The Thaumasia Plateau is a vast sloping volcanic plain in the western hemisphere of Mars, and is the most extensive component of the Tharsis Rise by area. Syria Planum, Solis Planum, Sinai Planum, and Thaumasia Planum are the constituent sectors of the plateau, which sits between 8 km and 4 km above the surrounding southern highlands. It is bounded by vestigial basement terrains that predate the formation of Tharsis. This area has been proposed to be a drainage basin that sourced the floodwaters forming the outflow channels surrounding Chryse Planitia.

==Context==

The Thaumasia Plateau lies at the heart of the Tharsis Rise, and is framed to the northwest by the Noctis Labyrinthus fracture zone and the Valles Marineris chasmata (particularly, Ius Chasma, Melas Chasma, and Coprates Chasma, from northwest to northeast). Older Noachian basement crust, likely predating the formation of Tharsis, bound the Thaumasia Plateau to the west (Claritas Rise and the Claritas Fossae), the south (Thaumasia highlands), and the east (Coprates Rise and the Nectaris Fossae). The plateau stretches over 2900 km across the surface of Mars and sits at around a 4 km relief relative to the southern highland terrains immediately surrounding the Tharsis Rise.

There are two general provinces composing the Thaumasia Plateau. The northwestern section of the plateau is composed of high plains of Syria Planum, Solis Planum, and Sinai Planum. Thaumasia Planum forms a lower elevation region in the east, abutting the Coprates Rise.

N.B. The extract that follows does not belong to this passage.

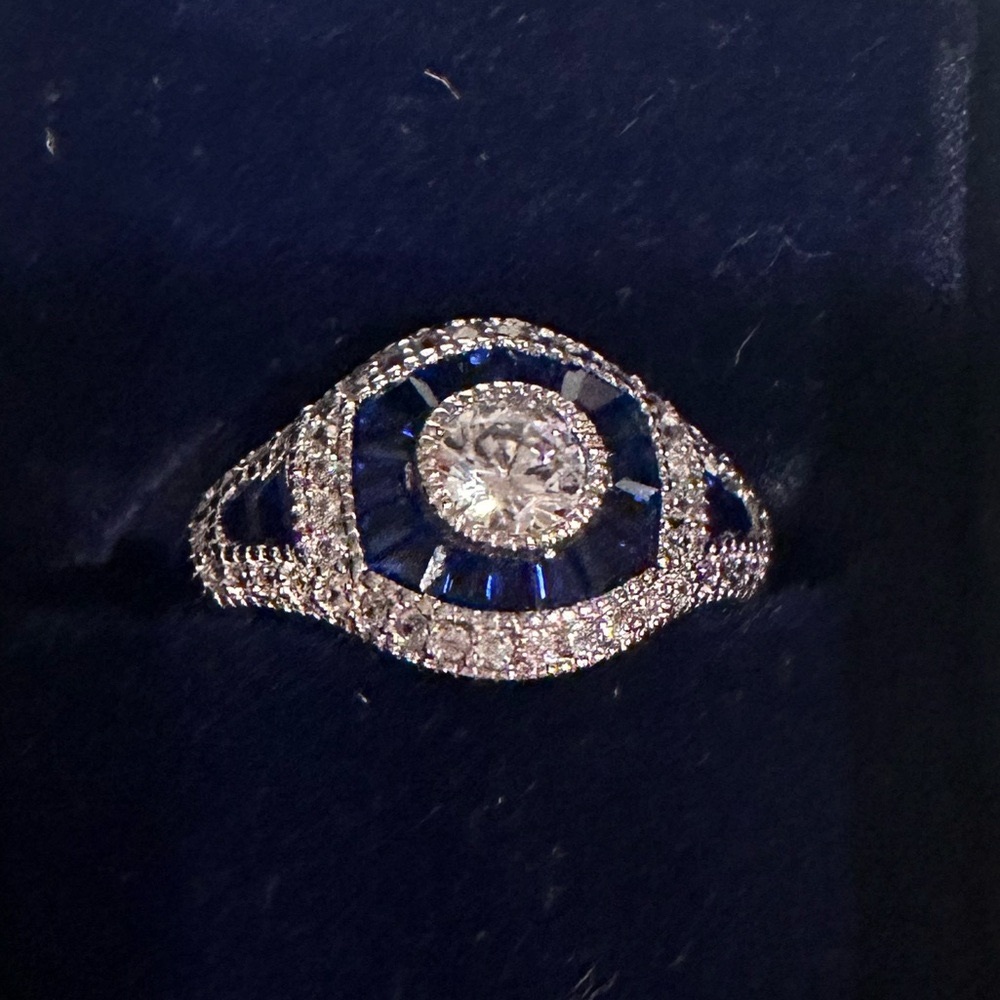 Silver and Sapphire Ring, Size 8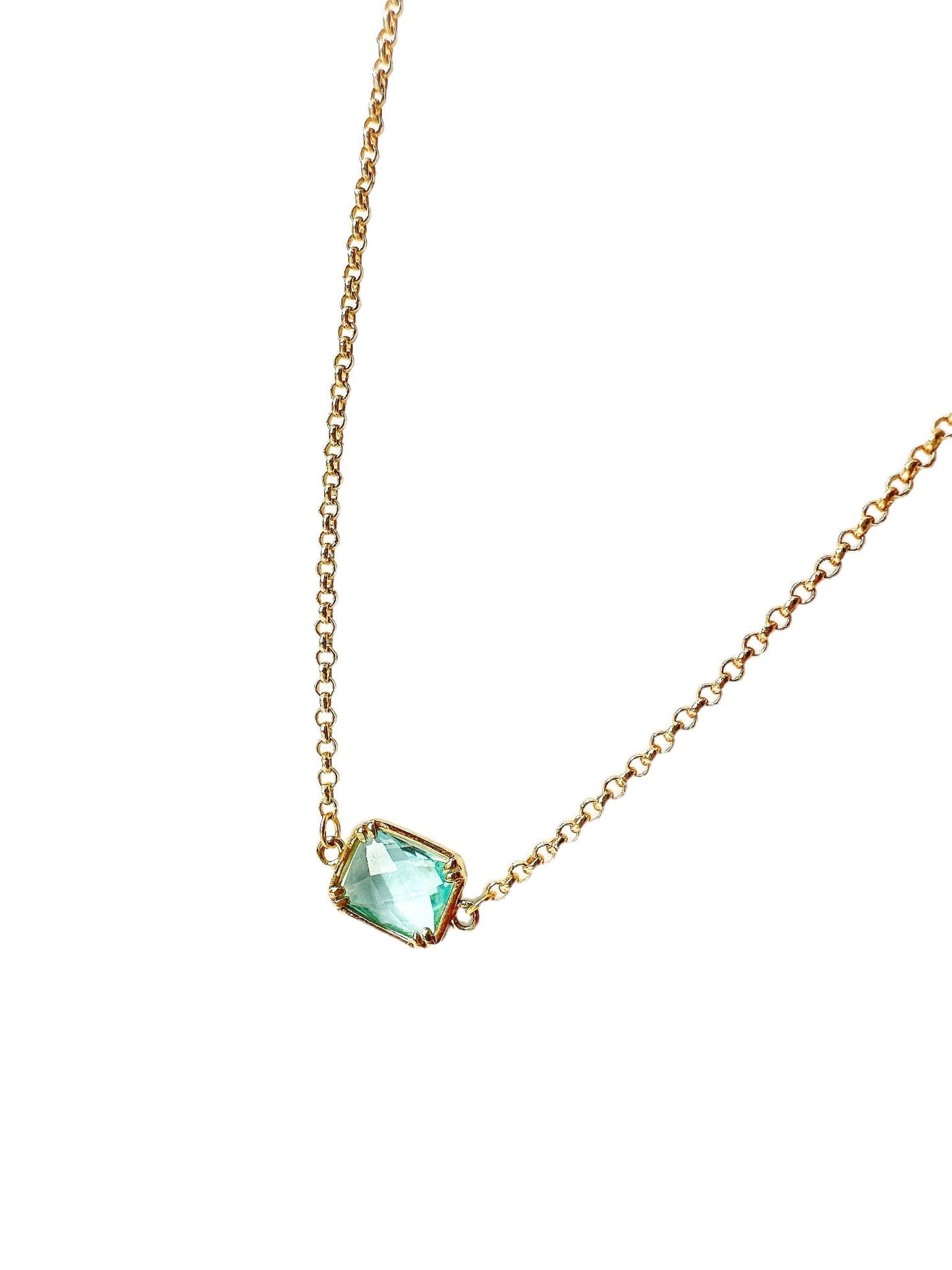 Blue Crystal 24K Gold-Filled Necklace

In general, the plateau's highest elevation rests in its northwest corner, closest to its hinge between Noctis Labyrinthus and the Claritas Fossae at the approach of Syria Planum to Pavonis Mons. At this location, the relief of the Thaumasia Plateau reaches up to 8 km relative to the surrounding highlands terrain. The topography diminishes to the southeast towards Argyre Planitia.

==Geology==

Some authors have suggested that the Thaumasia Plateau was once a large, ancient drainage basin pre-dating the extensive volcanic formation of the Tharsis Rise. At this time, it was likely bounded by the same structures (the Claritas Rise to the west, the Thaumasia highlands to the south, and the Coprates Rise to the east). During Tharsis' Stage 2 (centered over the central section of the Valles Marineris) and Stage 3 volcanotectonic activity (in which tectonic activity became radially centered over the northwestern portion of Syria Planum), significant volcanic activity is understood to have infilled this basin, forming the modern plains terrains observed in the modern period. The burial of this putative drainage basin has been proposed as a source of the catastrophic floodwaters that are hypothesized to have formed the circum-Chryse outflow channels, and the northwestern slope valleys (NSVs) to the northwest of the Tharsis Rise.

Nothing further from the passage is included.